When I was at LNMIIT Jaipur, we would ask the freshers to join the Institute a week before the seniors would come. In this one week, there would be an orientation program, where there would be several lectures on general topics – not about their course, but on campus life, time management, stress management, values, and so on. Since these are more interesting topics in the beginning than Physics and Chemistry, it brought a lot more interaction between students and faculty, and that too at a time when the only seniors on campus are those who have been carefully chosen as volunteers to help the freshers in settling down. We also organized several matches between faculty and freshers in different sports – cricket, badminton, table tennis, etc. - further cementing the ties. The nature of interaction would vary from one institute to the other. But there must be some interaction, if ragging has to be curbed. In IIT Kanpur, one faculty member is assigned responsibility of talking to 5-6 students. He would meet them, invite them to have a meal at home, and interact with them so that they feel comfortable to discuss any problems, including ragging, if the need arises.

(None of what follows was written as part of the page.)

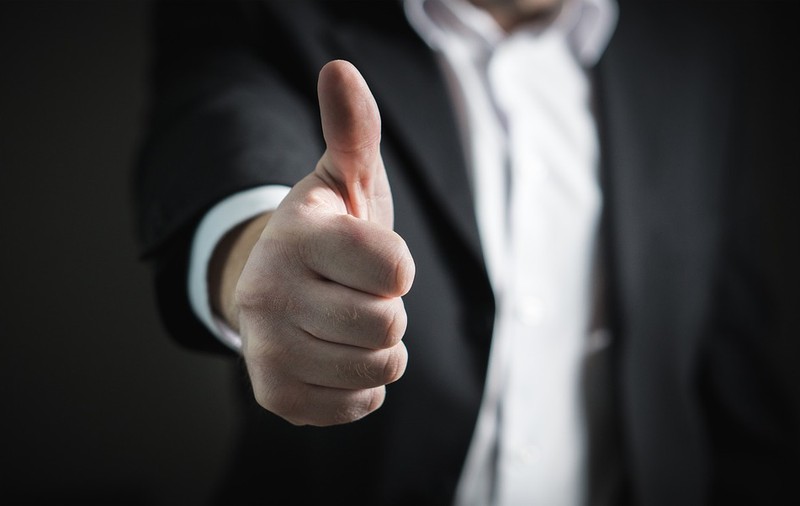 (P) Afacere de viitor: ce să faci dacă vrei ca firma ta să reziste mult timp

A place where discrimination usually starts is the mess. The fresher can be easily identified there, because he would not be aware of the culture of the place, and would be asking simple questions. Invariably, the seniors would either ask freshers to sit with them where they can carry out verbal ragging, or they will ask the freshers to stand last in the queue, just to discriminate against them. Our solution at LNMIIT was to make sure that at least one faculty member is eating in the mess during every meal in the first couple of weeks.
Another strategy adopted was to find any news item where a student had been punished for ragging in any university in the country, and forward that news item on email to all students. This is sending a strong message to students that if such an incident happens on our campus, we will not shy away from taking a similar action.
Yet another strategy is to involve parents. Students do not want their parents to get any negative news about their behaviour on campus. So when there was a suspicion that someone may have indulged in some ragging, we would call up his parents, and tell them that if their son is caught later on with some proof, the punishment will be serious. Parents will ensure that he does not do anything silly again.
We also adopted community punishment. We told all students that if there is ragging in any hostel wing, and if we are not able to identify specific individuals who were involved, then the whole wing will be fined. This ensured that if there is even one student in the wing who is opposed to ragging, will make that ragging does not take place in his wing. And one will find such students in every wing. And once you have ensured that there will be no ragging in the hostels, you have already won the war.
It is possible to eradicate ragging from our institutes and universities. If there is a will, there is a way.